Bountiful and Bountifail (Garden) Part 3

Tomatoes! Cherry, Porter, Golden Jubilee, Beefsteak, Green Sausage, Black Cherry. Everyone knows how good home grown tomatoes taste. I learned this year the correct way to plant tomatoes for Tucson summers. You pick all the leaves off except the very top ones. Then you plant the entire now-bare stalk underground too. That stalk will grow roots instead of leaves, and your root ball is way down deep in the nice, cool soil. When the soil here heated up to 90+ degrees in June my tomatoes were just fine and still producing. The frustrating thing with these is they were slow to produce. I transplanted these in April and should’ve had some production by end of May or early June, especially with the cool spring we had. But they didn’t.

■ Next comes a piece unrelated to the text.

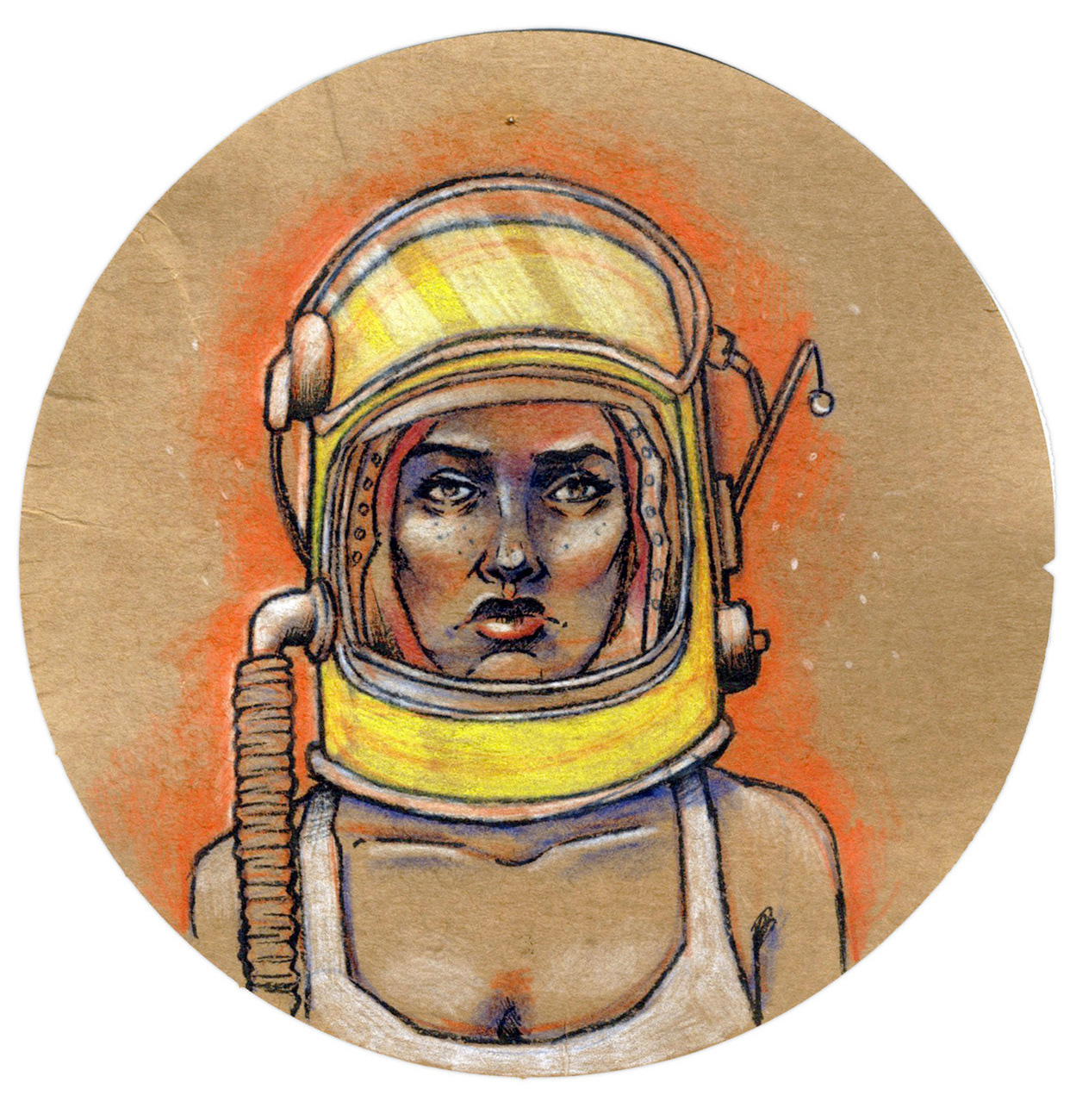 Portrait of cosmonaut girl on old packaging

They didn’t start producing til the end of June, which is usually when they stop their first production and wait until the monsoons come.  Then they will produce their second round into the fall.  I have 12 tomato plants, and all I have had is two handfuls of tomatoes (which were sooo delicious and make me sad I don’t have more).  I will probably get a nice fall crop. But to plant in February and wait until fall to get tomatoes? That’s ridiculous.  And I know I did everything right.  So this is very disheartening to me.  As far as a summer crop goes, this is bountifail.

To be continued…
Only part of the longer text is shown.